[AusNOG] Interception?

Mark Newton newton at atdot.dotat.org
Fri Jul 6 10:44:13 EST 2012


On Fri, Jul 06, 2012 at 10:28:24AM +1000, Jake Anderson wrote:

 > People really have no concept at all about how the Internet works, 
 > actually if somebody had some kind of training package on that I'd be 
 > interested.
 > It has to start from the fundamentals, DNS, tcp/ip etc but in a way that 
 > its relevant to the end users, if they have an understanding of whats 
 > going on i feel I'd get less dumb questions.

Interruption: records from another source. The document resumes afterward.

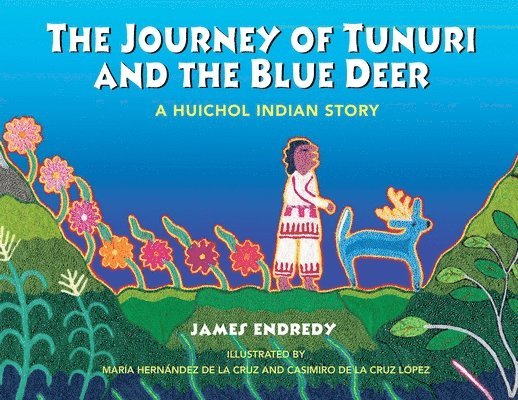 The Journey of Tunuri and the Blue Dear 1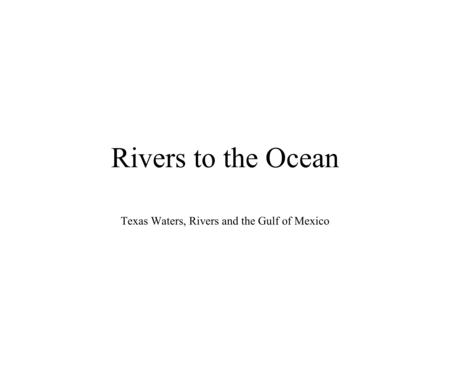 Texas Waters, Rivers and the Gulf of Mexico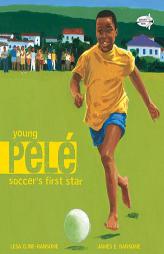 Young Pele: Soccer's First Star by Lesa Cline-Ransome Paperback Book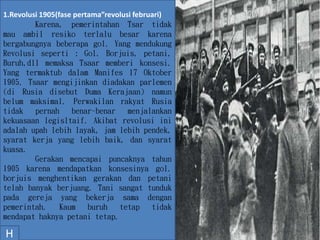 .
1.Revolusi 1905(fase pertama”revolusi februari)
Karena, pemerintahan Tsar tidak
mau ambil resiko terlalu besar karena
bergabungnya beberapa gol. Yang mendukung
Revolusi seperti : Gol. Borjuis, petani,
Buruh,dll memaksa Tsaar memberi konsesi.
Yang termaktub dalam Manifes 17 Oktober
1905. Tsaar mengijinkan diadakan parlemen
(di Rusia disebut Duma Kerajaan) namun
belum maksimal. Perwakilan rakyat Rusia
tidak pernah benar-benar menjalankan
kekuasaan legisltaif. Akibat revolusi ini
adalah upah lebih layak, jam lebih pendek,
syarat kerja yang lebih baik, dan syarat
kuasa.
Gerakan mencapai puncaknya tahun
1905 karena mendapatkan konsesinya gol.
borjuis menghentikan gerakan dan petani
telah banyak berjuang. Tani sangat tunduk
pada gereja yang bekerja sama dengan
pemerintah. Kaum buruh tetap tidak
mendapat haknya petani tetap.
H
 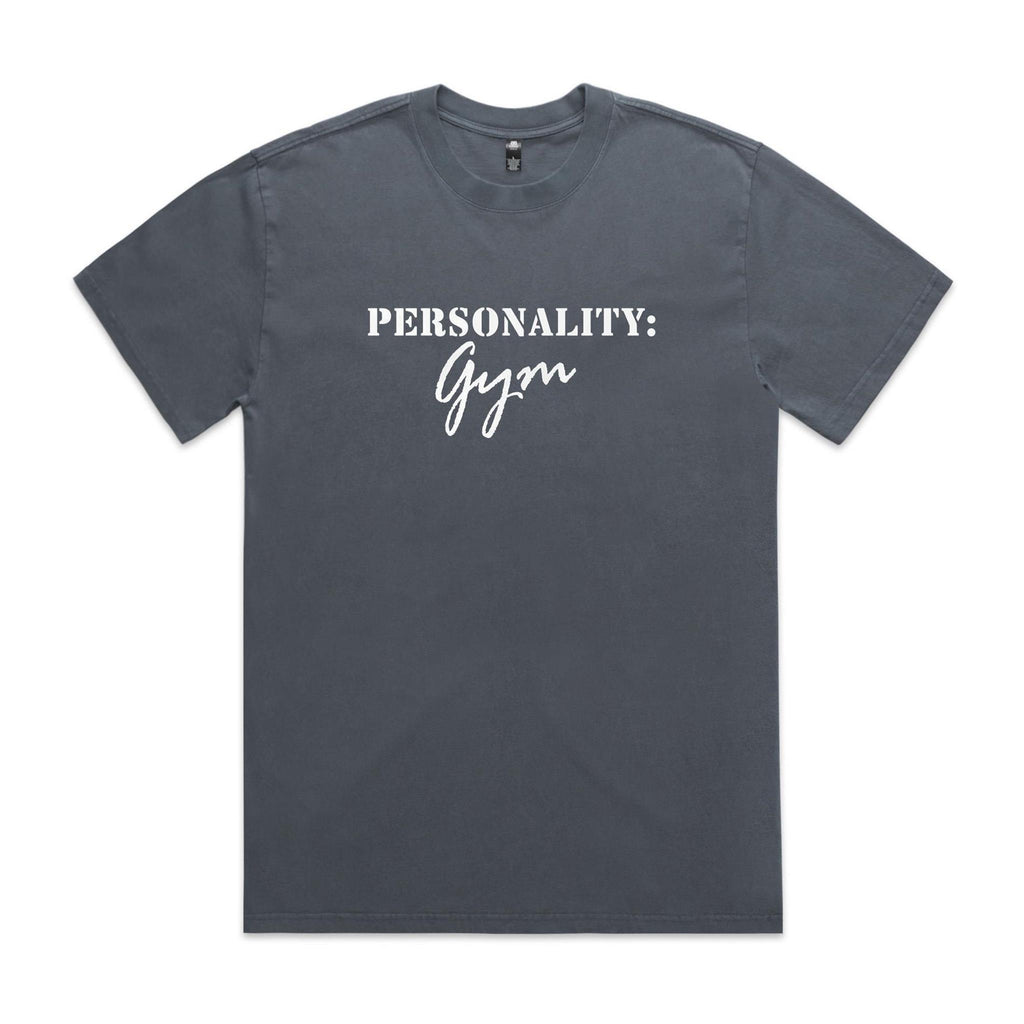 "Personality: Gym" Heavy Faded Tee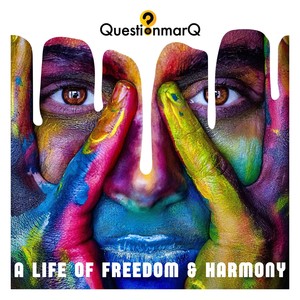 A Life of Freedom & Harmony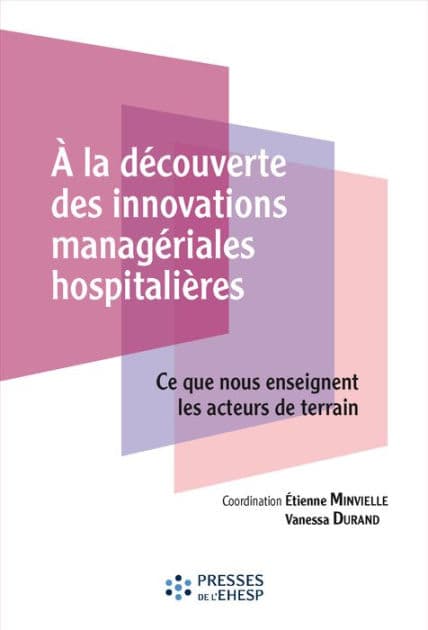 A la découverte des innovations managériales hospitalières: Ce que nous enseignent les acteurs de terrain by Etienne Minvielle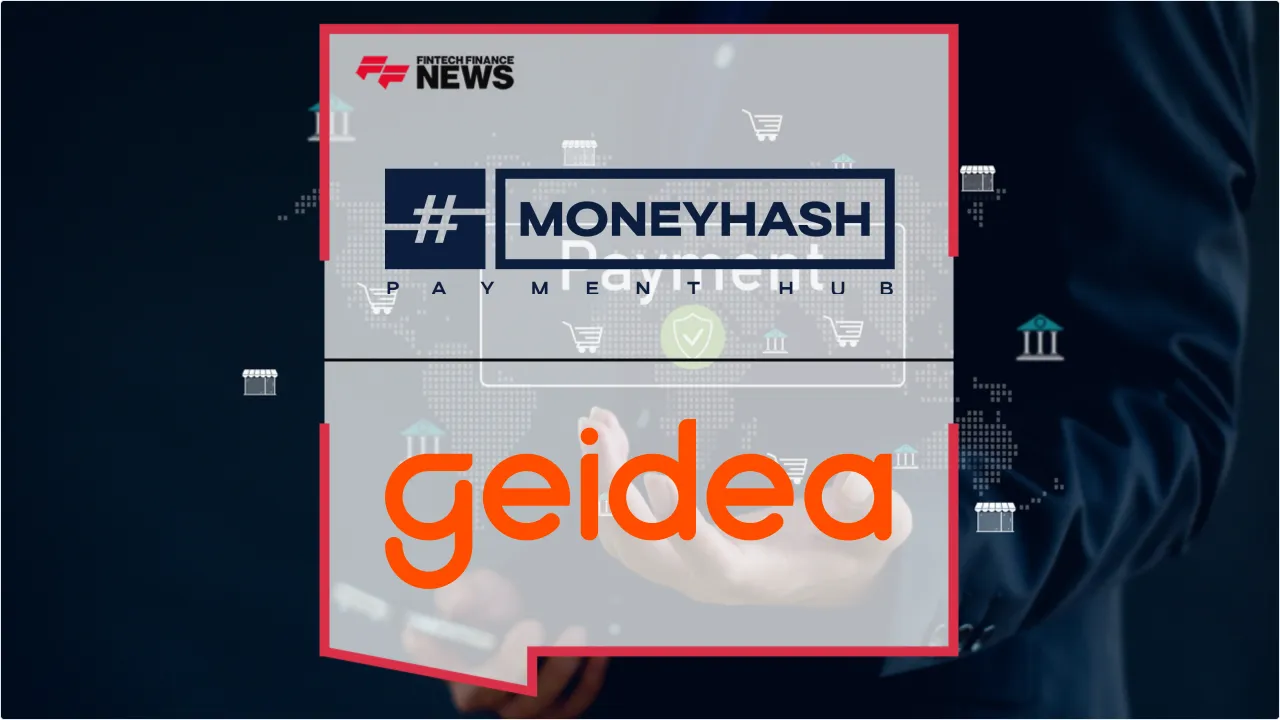 Press Release: MoneyHash and Geidea Partner to Streamline Payment Orchestration Across MENA | Featured Image by FF News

"People really have no concept at all about how the phone network works.
...
It has to start from the fundamentals, IPND, SS7, etc but in a way that
it's relevant to the end users..."

No.  Users don't need to know that stuff.  It's our job to make it
transparent to them.

The issue here is applications doing things users don't expect:
A self-created problem.

Users don't expect that visiting google.com causes their browser
to deliver them a portal instead.  

By attempting to break that expectation, network operators who rely
on captive portals create a rod for their own back by giving users
an unexpected error message instead.

Making the network behave in confusing ways which befuddles users
and causes them to add costs by making support calls is something
you might choose to do to support your business model.

But if it doesn't work, or if users hate it and don't use it, or
if the cost of answering the phone for their support calls destroys
your profit margin, that's hardly a technology problem, is it?  It
just means you got your business model wrong.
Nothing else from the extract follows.